AIM OF THE EXERCISE = Word-for-word transcription: reproduce all of the data, but not the pictures.

DATASET EXCERPT =
------------------------------------------------------------------------

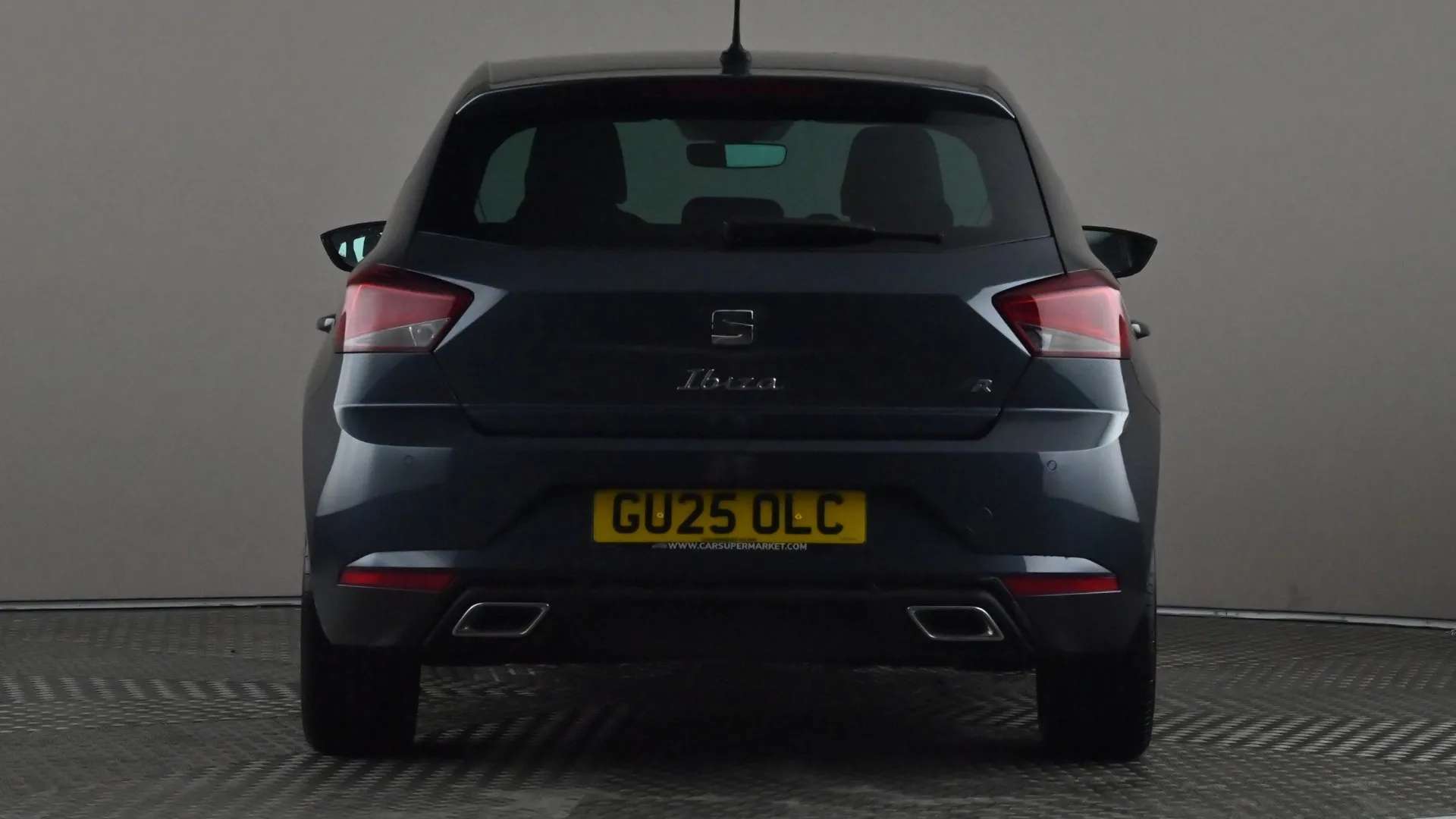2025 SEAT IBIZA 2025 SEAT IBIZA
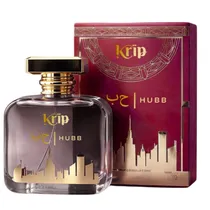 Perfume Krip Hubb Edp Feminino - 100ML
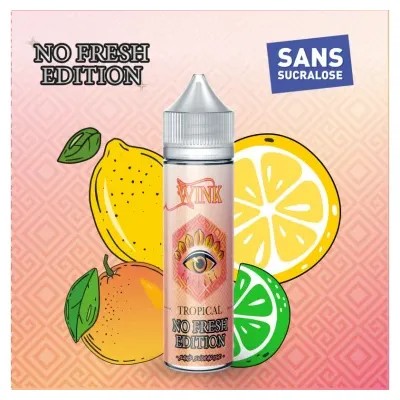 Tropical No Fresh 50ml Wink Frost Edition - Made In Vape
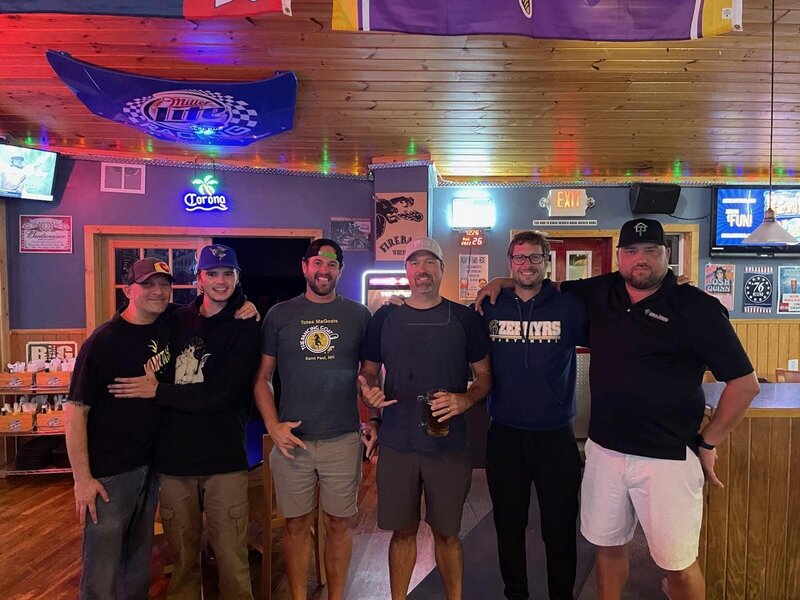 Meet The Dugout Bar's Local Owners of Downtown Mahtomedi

------------------------------------------------------------------------

WRITTEN ANSWER =
2025 SEAT IBIZA 2025 SEAT IBIZA
 Perfume Krip Hubb Edp Feminino - 100ML
 Tropical No Fresh 50ml Wink Frost Edition - Made In Vape
 Meet The Dugout Bar's Local Owners of Downtown Mahtomedi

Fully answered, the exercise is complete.